I have written a function in python to calculate Delta function in Gauss broadening, which involves 4-level loops. However, the efficiency is very low, about 10 times slower than using Fortran in a similar way.

def Delta_Gaussf(Nw, N_bd, N_kp, hw, eigv):
    Delta_Gauss = np.zeros((Nw,N_kp,N_bd,N_bd),dtype=float)
    for w1 in range(Nw):
        for k1 in range(N_kp):
            for i1 in range(N_bd):
                for j1 in range(N_bd):
                    if ( j1 >= i1 ):
                        Delta_Gauss[w1][k1][i1][j1] = np.exp(pow((eigv[k1][j1]-eigv[k1][i1]-hw[w1])/width,2))
    return Delta_Gauss

I have removed some constants to make it looks simpler.

Could any one help me to optimize this script to increase efficiency?

Answer 1

Simply compile it

To get the best performance I recommend Numba (easy usage, good performance). Alternatively Cython may be a good idea, but with a bit more changes to your code.

You actually got everything right and implemented a easy to understand (for a human and most important for a compiler) solution.

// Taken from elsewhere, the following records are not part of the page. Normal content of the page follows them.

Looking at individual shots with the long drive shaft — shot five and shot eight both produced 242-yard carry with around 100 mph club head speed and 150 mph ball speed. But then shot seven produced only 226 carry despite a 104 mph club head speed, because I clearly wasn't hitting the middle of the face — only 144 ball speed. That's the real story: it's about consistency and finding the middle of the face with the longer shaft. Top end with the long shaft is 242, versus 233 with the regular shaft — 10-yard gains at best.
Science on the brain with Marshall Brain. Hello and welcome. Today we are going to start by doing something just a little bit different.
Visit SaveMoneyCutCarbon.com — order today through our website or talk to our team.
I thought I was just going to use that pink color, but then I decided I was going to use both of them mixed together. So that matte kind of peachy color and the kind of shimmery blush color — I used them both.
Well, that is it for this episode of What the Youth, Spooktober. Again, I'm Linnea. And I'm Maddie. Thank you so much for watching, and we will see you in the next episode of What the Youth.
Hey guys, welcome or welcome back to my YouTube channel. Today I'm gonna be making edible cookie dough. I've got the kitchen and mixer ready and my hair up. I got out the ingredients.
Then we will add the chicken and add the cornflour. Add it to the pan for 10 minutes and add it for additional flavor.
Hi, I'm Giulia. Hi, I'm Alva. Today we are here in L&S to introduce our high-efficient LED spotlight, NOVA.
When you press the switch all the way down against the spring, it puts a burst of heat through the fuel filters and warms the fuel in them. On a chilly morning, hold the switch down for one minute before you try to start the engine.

There are basically two ways to gain performance

1. Vectorize the code as @scnerd showed. This is usually a bit slower and more complex than simply compile a quite simple code, that only uses some for loops. Don't vectorize your code and than use a compiler. From a simple looping aproach this is usually some work to do and leads to a slower and more complex result. The advantage of this process is that you only need numpy, which is a standard dependency in nearly every Python project that deals with some numerical calculations.

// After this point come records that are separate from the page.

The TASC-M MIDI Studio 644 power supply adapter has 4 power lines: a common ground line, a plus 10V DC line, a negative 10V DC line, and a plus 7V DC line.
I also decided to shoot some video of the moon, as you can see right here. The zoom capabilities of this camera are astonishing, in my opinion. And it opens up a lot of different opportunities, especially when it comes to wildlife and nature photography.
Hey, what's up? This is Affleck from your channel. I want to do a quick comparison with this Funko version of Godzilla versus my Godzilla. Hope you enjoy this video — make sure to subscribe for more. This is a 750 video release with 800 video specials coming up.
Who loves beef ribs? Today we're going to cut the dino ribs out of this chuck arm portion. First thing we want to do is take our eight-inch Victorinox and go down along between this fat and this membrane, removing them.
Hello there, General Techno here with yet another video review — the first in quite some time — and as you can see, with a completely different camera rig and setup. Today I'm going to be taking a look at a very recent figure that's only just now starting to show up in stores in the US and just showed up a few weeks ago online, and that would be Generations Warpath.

2. Compile the code. If you have already a solution with a few loops and no other, or only a few non numpy functions involved this is often the simplest and fastest solution.

A solution using Numba

You do not have to change much, I changed the pow function to np.power and some slight changes to the way arrays accessed in numpy (this isn't really necessary).

import numba as nb
import numpy as np

#performance-debug info
import llvmlite.binding as llvm
llvm.set_option('', '--debug-only=loop-vectorize')

@nb.njit(fastmath=True)
def Delta_Gaussf_nb(Nw, N_bd, N_kp, hw, width,eigv):
    Delta_Gauss = np.zeros((Nw,N_kp,N_bd,N_bd),dtype=float)
    for w1 in range(Nw):
        for k1 in range(N_kp):
            for i1 in range(N_bd):
                for j1 in range(N_bd):
                    if ( j1 >= i1 ):
                        Delta_Gauss[w1,k1,i1,j1] = np.exp(np.power((eigv[k1,j1]-eigv[k1,i1]-hw[w1])/width,2))
    return Delta_Gauss

Due to the 'if' the SIMD-vectorization fails. In the next step we can remove it (maybe a call outside the njited function to np.triu(Delta_Gauss) will be necessary). I also parallelized the function.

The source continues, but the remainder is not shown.